After a short stint doing spoken word performances, Pierce decided to reform a new version of the band in October 1986.[10] Powers, who had also been recruited into Nick Cave and the Bad Seeds at this time, resumed his place at guitar, with Mori switching to bass and Sanderson retaining his spot on drums. This lineup of the Gun Club recorded a handful of albums, including Mother Juno, released October 19, 1987, on Red Rhino Records. This album, produced by Robin Guthrie of the Cocteau Twins, was a successful comeback, garnering a positive critical reception.[5] After the release of Nick Cave's album The Good Son, Powers departed from the Bad Seeds in May 1990 to focus more on the Gun Club.

The band's fifth studio effort, Pastoral Hide and Seek, which Pierce produced himself, was released October 1, 1990, on the Fire label. Sanderson departed in December 1990 to focus on his other project, World of Twist. Desperate rejoined to record the Divinity album, released in August 1991 on New Rose Records, but the band were inactive during the remainder of that year as Pierce was hospitalized during his travels in India and Vietnam. Pierce also recorded with Cypress Grove.
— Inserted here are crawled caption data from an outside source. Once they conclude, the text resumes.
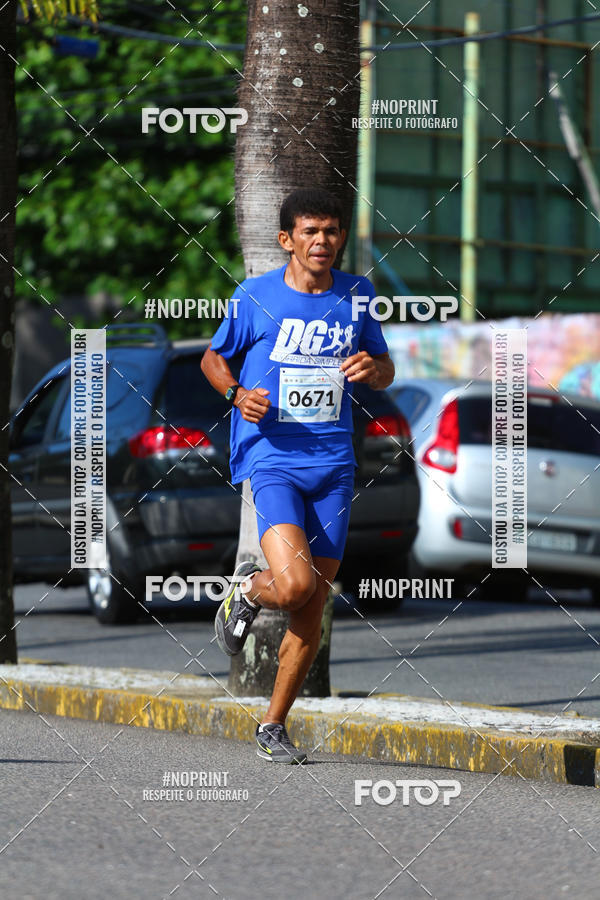 Buy your photos of the event17 Corrida do fogo on Fotop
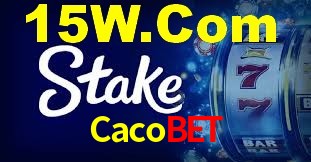 Premium Interface Cacobet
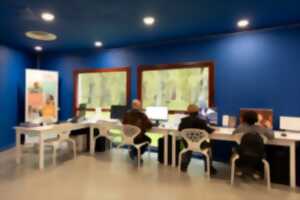 photo Tout savoir sur les espaces de stockage Clouds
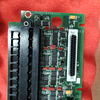GE IS200TBAIH1C Analog Input/Output Terminal Board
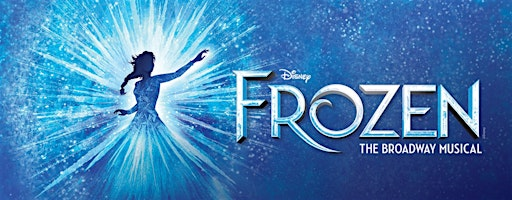 LCS Musical: Frozen | Oneighty Auditorium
Simon Fish, who had previously played with Pierce on one of his solo albums, joined the band in March 1992. At the conclusion of a European tour in May 1992, Powers left the band to focus on his other project, Congo Norvell. In February 1993, the band reconvened as a trio of Pierce, Mori and the returning Sanderson, to record the Lucky Jim album. For their spring 1993 European tour, they were joined by guitarist Rainer Lingk of Die Haut. Lucky Jim was released September 20, 1993, by Triple X Records, and Robert Marche (formerly of Subway Sect and JoBoxers) joined on guitar in October.

In May 1994, Mori and Pierce split up, and she and Sanderson left the Gun Club (Mori and Sanderson formed Freeheat in 1999 with Jim Reid and Ben Lurie of the Jesus and Mary Chain). Sanderson and Marche formed Earl Brutus. In the fall of 1994, Pierce put together a new lineup featuring Marche, bassist Efe and the returning Fish, lasting until November.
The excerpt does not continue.